Variable compliance units & comparisons

Continuing with the optimization efforts of the ARM prover, this time I will explain an idea of @xuyang.

A major bottleneck that we are facing is the time to prove compliance of the ARM rules. Currently, the size of the compliance units (CUs) is fixed to 2: one consumed resource and one created resource. The main sources of inefficiency are:

  • Many #CUs per action. Saying it differently, generation of many compliance proofs per action.
  • Alignment overhead. Whether resources are created or consumed matters. It’s not the same an action with 4/4 resources, than an action with 7/1 resources. They both have 8 resources in total, but the former needs 4 CUs, and the latter needs 7 CUs.

Variable-size compliance units

The CU holds all the resources of the action:

pub struct ComplianceVarWitness {
    /// The consumed resources.
    pub consumed_resources: Vec<Resource>,
    /// The created resources.
    pub created_resources: Vec<Resource>,
    /// The paths from the consumed commitments to the roots in the commitment trees
    pub merkle_paths: Vec<MerklePath>,
    /// The existing root for ephemeral resources
    pub ephemeral_root: Digest,
    /// Nullifier keys of the consumed resources
    pub nf_keys: Vec<NullifierKey>,
    /// Random scalar for delta commitment
    pub rcv: Vec<u8>,
}

pub struct ComplianceVarInstance {
    pub consumed_nullifiers: Vec<Digest>,
    pub created_commitments: Vec<Digest>,
    pub consumed_logic_refs: Vec<Digest>,
    pub consumed_commitments_tree_roots: Vec<Digest>,
    pub created_logic_refs: Vec<Digest>,
    pub delta_x: [u32; 8],
    pub delta_y: [u32; 8],
}

pub struct ComplianceVarUnit {
    // vk is a constant in the compliance unit, so we don't place it here.
    pub proof: Option<Vec<u8>>,
    pub instance: Vec<u8>,
}

There will be just one ComplianceVarUnit per action. Which means, only one proof needs to be generated. This makes a difference, as the proving cost is amortized among all resources of the action. With the added benefit of removing padding resources and its overhead: it costs (roughly) the same proving compliance of n resources, independently of how many of them are created or consumed.

Nonces

The nonce should be unique. This is guaranteed by making it dependent on the action’s context where resources are created. The suggestion is to derive the i-th created nonce from all the consumed nullifiers:

created_resources[i].nonce = hash(i,consumed_nullifiers)  

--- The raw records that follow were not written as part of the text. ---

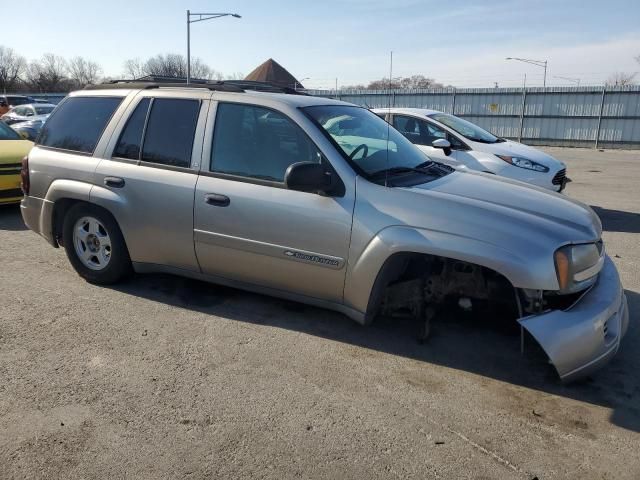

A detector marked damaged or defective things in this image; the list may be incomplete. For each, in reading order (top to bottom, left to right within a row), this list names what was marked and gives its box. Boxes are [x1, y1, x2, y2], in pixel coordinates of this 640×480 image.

exposed wheel well [368, 253, 516, 324]
damaged front bumper [516, 255, 628, 382]
missing front bumper [516, 255, 628, 382] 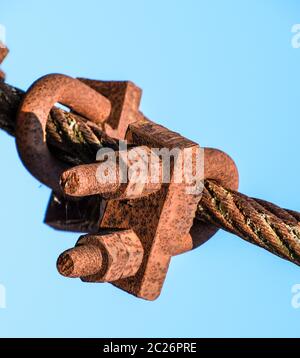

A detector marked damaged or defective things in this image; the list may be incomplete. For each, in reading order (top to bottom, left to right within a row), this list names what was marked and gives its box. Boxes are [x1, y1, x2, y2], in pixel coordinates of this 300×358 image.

corroded bolt [57, 229, 145, 282]
rusty metal clamp [15, 74, 239, 300] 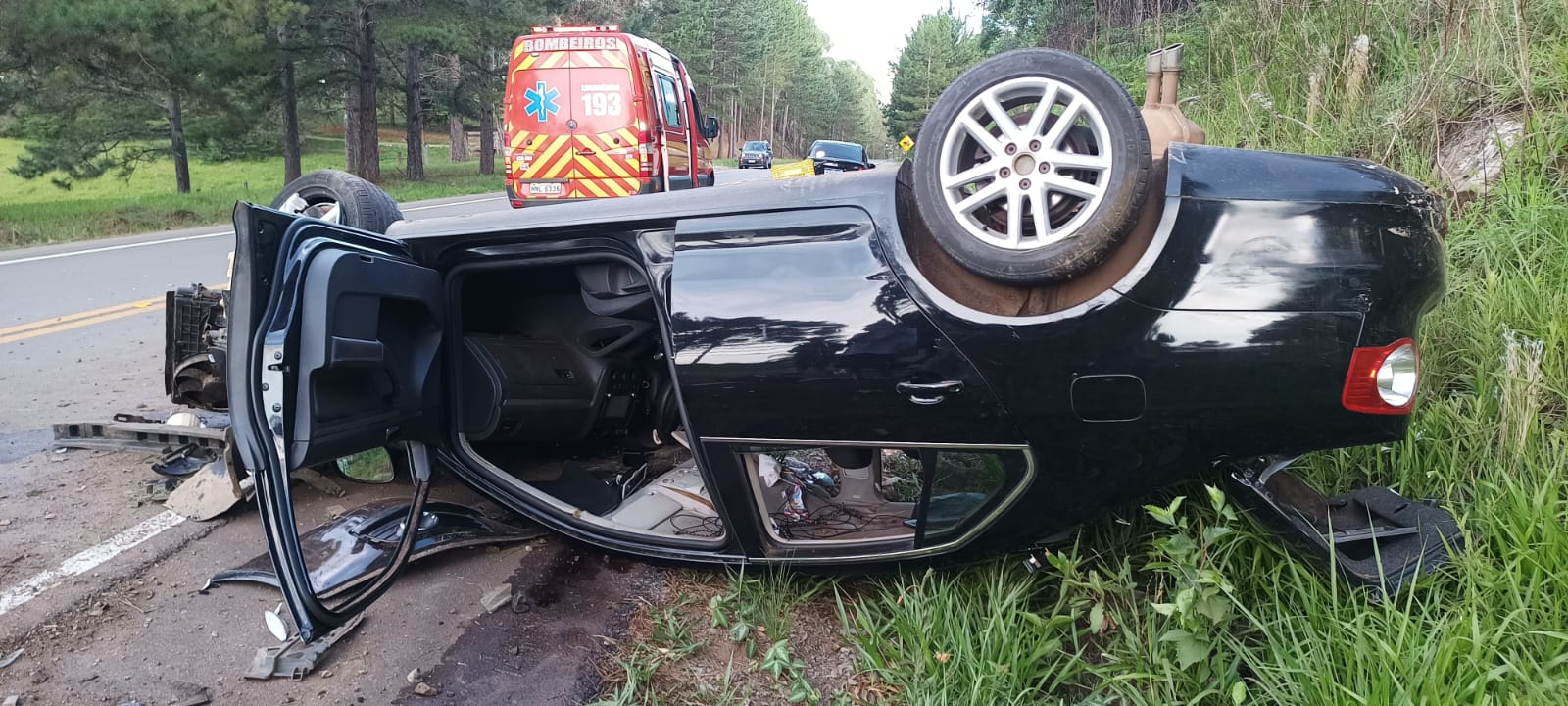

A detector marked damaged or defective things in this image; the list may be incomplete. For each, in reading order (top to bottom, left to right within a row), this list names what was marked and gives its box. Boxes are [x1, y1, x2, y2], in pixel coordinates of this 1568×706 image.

rear wheel of overturned car [270, 169, 404, 233]
front wheel of overturned car [270, 169, 404, 233]
front wheel of overturned car [909, 46, 1153, 285]
rear wheel of overturned car [909, 47, 1153, 286]
overturned black car [169, 44, 1454, 639]
broken plastic trim [205, 498, 542, 599]
broken plastic trim [1223, 458, 1454, 596]
damaged front end [1223, 458, 1454, 596] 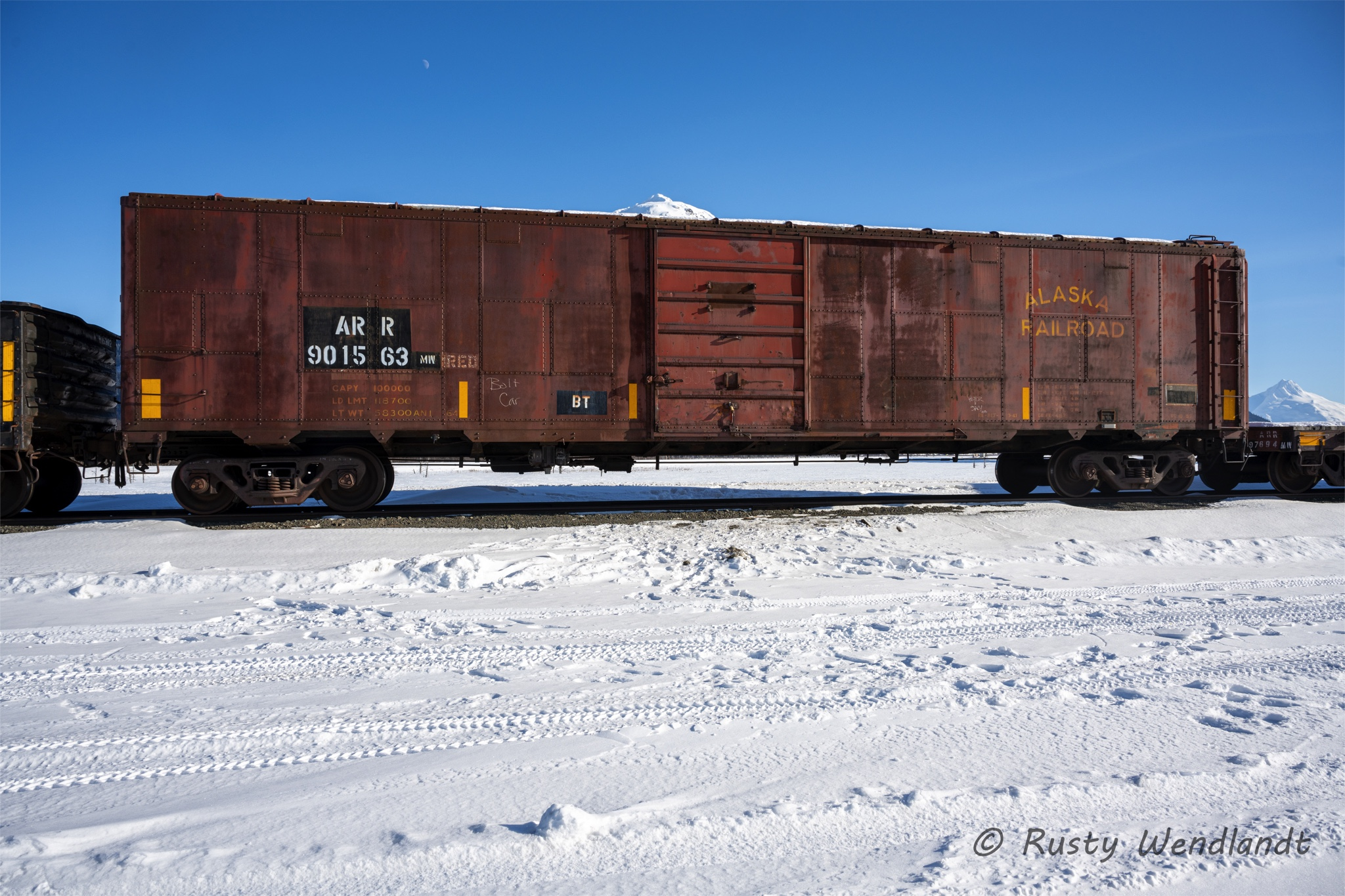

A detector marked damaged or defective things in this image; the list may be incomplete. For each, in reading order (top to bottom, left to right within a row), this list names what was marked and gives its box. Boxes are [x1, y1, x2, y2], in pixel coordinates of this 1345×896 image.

rusty red boxcar [102, 190, 1258, 510] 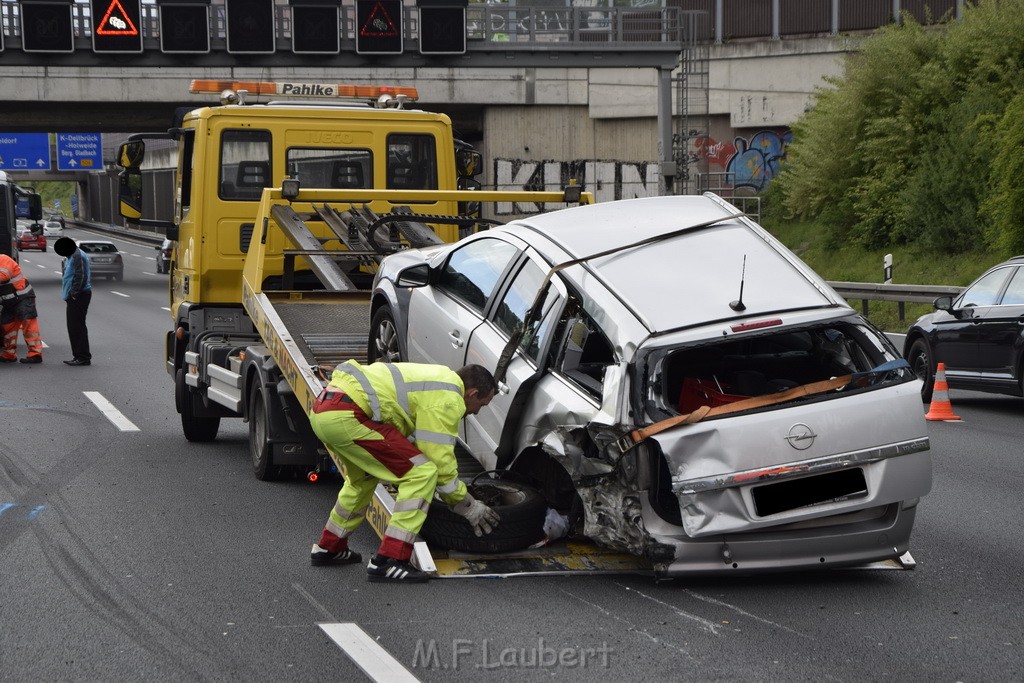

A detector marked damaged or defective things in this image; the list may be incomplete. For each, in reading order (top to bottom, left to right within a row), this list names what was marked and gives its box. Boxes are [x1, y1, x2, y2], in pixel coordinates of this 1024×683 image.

damaged silver car [366, 193, 929, 577] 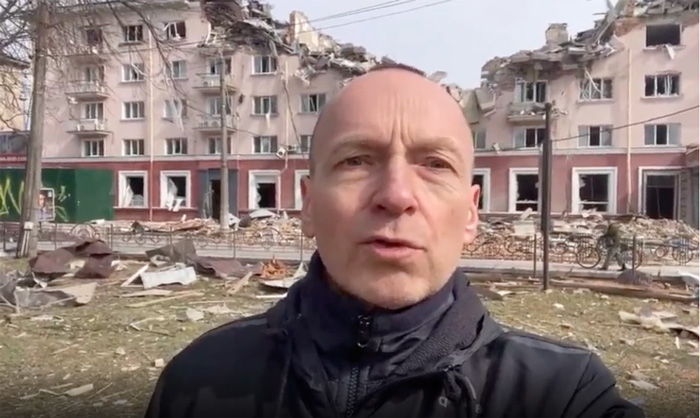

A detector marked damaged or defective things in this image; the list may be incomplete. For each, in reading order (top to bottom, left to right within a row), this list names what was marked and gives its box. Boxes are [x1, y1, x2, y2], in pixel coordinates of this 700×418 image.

shattered window [121, 25, 144, 43]
broken window [122, 24, 144, 43]
broken window [164, 21, 186, 39]
broken window [648, 23, 680, 46]
shattered window [648, 23, 680, 46]
broken window [253, 55, 278, 74]
shattered window [253, 55, 278, 74]
damaged building [19, 0, 396, 222]
broken window [254, 94, 278, 114]
shattered window [254, 94, 278, 114]
shattered window [298, 93, 326, 112]
broken window [298, 94, 326, 113]
broken window [516, 80, 548, 103]
shattered window [516, 80, 548, 103]
damaged building [462, 0, 696, 227]
broken window [580, 77, 612, 100]
shattered window [580, 77, 612, 100]
broken window [644, 74, 680, 96]
shattered window [644, 73, 680, 97]
shattered window [82, 139, 104, 157]
broken window [122, 140, 144, 156]
broken window [164, 139, 186, 155]
shattered window [164, 139, 186, 155]
broken window [206, 137, 231, 155]
shattered window [254, 136, 278, 153]
broken window [254, 136, 278, 154]
broken window [470, 131, 486, 151]
broken window [516, 127, 548, 149]
shattered window [516, 127, 548, 149]
broken window [580, 125, 612, 148]
shattered window [580, 125, 612, 148]
broken window [644, 123, 680, 146]
shattered window [644, 123, 680, 146]
broken window [119, 171, 146, 207]
shattered window [119, 173, 146, 207]
broken window [162, 174, 189, 211]
broken window [516, 173, 540, 212]
shattered window [516, 174, 540, 212]
broken window [576, 173, 608, 212]
shattered window [576, 173, 608, 212] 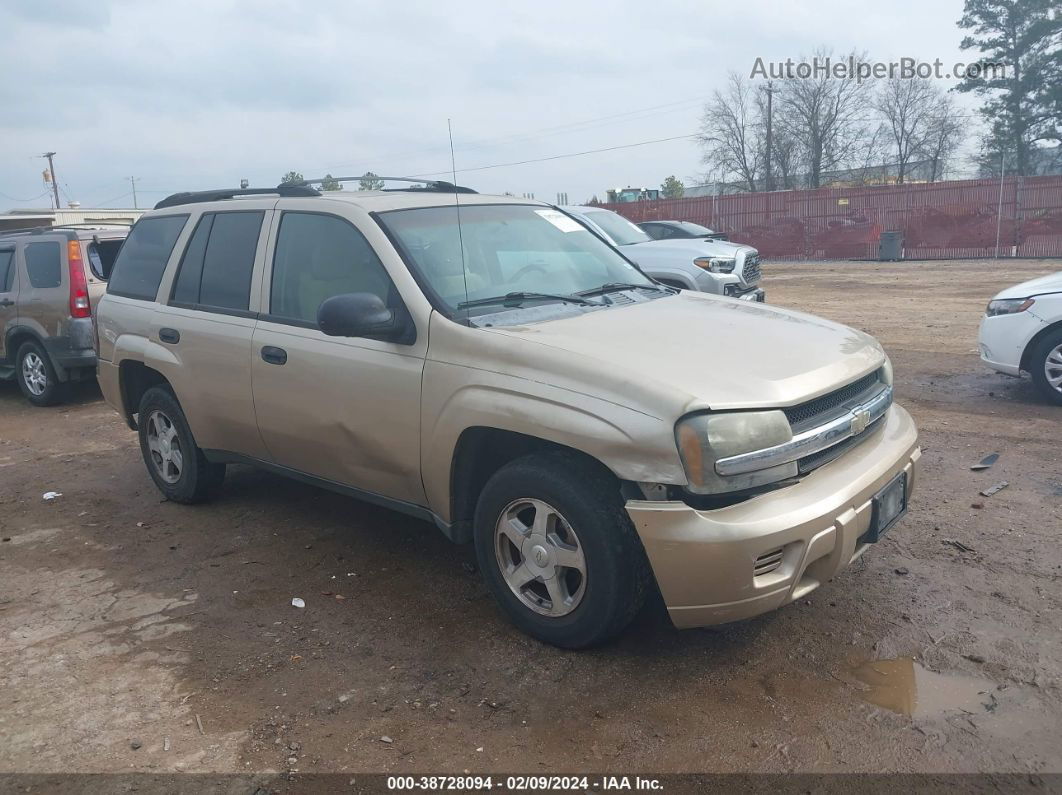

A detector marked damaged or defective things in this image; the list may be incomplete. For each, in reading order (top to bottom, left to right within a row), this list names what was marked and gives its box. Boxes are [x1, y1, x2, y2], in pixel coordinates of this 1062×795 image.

where hash is a collision-resistant hash function, and the index i is the position the created resource occupies in the CU (i.e. in the action).

Comparison

A proof of concept implementation can be found in this branch of the arm-risc0 repository. As a bonus, it also comes with an implementation of the sigmabus technique described here, that optimizes via removing EC arithmetic from the compliance circuit.

Key takeaways (TL;DR):

  • There is a significant drop on proving times when using variable-size CUs.
  • For large actions (with many resources), the sigmabus approach outperforms the vanilla variabe-size approach.

Disclaimer: The strange pikes in the timings are because benchmarks are not averaged. They correspond to a single run (it would be hard to average using Bonsai, anyways). They should serve only as intuition. You can try to reproduce the benchmarks running:

BONSAI_API_URL=https://api.bonsai.xyz/ BONSAI_API_KEY=XXX cargo test --release --features 'bonsai test' bench_compliance_2_var_sigmabus -- --no-capture

I have benchmarked using the Bonsai prover. I have not used a GPU.

2-size vs variable-size

For actions with just 2 resources, both approaches are essentially the same; which makes sense as in both case a single proof is generated. With 3 resources, the variable-size approach is ~2x faster, and with as little as 8 resources, it is ~5x faster. I stopped here due to the large proving times for the 2-size CUs, but the scaling factor should continue increasing with the number of resources per action. These timings confirm that the variable-size proving cost is amortized across all resources, and suggests that the more resources, the larger the amortization.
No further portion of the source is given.